- _Instructions for the task_: Report every line of the records beneath this task that holds the string "Faux".

━━━━━━

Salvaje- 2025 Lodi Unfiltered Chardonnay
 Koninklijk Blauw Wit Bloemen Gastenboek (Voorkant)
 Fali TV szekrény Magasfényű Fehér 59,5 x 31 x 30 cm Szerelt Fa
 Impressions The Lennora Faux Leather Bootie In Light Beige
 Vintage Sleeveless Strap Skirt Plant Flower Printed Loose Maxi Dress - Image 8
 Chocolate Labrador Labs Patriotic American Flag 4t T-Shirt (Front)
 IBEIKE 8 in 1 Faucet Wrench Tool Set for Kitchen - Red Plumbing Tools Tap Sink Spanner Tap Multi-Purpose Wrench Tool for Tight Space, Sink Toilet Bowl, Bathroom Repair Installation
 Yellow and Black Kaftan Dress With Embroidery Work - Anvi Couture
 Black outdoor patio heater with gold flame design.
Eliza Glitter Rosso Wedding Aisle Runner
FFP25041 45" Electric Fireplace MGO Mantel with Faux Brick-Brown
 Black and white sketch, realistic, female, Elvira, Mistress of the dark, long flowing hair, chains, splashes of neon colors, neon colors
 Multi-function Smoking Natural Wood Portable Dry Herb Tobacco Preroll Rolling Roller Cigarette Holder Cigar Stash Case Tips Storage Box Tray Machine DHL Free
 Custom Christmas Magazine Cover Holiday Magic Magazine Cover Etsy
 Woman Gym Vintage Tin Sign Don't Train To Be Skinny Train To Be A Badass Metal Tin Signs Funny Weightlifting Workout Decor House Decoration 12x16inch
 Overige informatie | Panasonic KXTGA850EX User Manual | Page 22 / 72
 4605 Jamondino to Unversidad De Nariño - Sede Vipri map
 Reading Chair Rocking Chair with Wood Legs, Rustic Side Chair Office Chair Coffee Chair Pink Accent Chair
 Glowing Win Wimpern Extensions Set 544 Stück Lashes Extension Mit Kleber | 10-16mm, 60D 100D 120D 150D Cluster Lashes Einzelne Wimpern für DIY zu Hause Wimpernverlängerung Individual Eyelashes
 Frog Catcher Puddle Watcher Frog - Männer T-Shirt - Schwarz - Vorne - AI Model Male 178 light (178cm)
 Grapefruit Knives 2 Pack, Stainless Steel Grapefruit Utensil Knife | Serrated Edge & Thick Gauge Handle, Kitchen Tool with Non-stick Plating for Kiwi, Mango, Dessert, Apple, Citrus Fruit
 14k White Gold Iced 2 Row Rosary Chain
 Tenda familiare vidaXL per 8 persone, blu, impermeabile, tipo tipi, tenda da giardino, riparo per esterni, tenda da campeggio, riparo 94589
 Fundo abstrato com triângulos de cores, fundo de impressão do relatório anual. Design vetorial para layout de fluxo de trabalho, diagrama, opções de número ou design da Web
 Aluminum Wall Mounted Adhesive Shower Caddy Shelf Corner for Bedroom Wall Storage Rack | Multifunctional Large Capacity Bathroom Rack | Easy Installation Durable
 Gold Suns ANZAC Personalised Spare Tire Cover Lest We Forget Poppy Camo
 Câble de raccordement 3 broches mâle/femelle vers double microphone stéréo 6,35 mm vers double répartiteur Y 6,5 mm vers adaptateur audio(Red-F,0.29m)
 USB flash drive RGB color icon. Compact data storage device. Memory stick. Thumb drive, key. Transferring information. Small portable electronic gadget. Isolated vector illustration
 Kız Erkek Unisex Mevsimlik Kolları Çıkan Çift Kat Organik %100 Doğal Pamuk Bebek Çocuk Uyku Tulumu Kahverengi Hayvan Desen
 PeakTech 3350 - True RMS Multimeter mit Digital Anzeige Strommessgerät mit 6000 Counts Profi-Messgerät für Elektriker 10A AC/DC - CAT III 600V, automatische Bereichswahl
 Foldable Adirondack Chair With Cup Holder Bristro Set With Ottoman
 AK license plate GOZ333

━━━━━━

- _Completed exercise_:
 Impressions The Lennora Faux Leather Bootie In Light Beige
FFP25041 45" Electric Fireplace MGO Mantel with Faux Brick-Brown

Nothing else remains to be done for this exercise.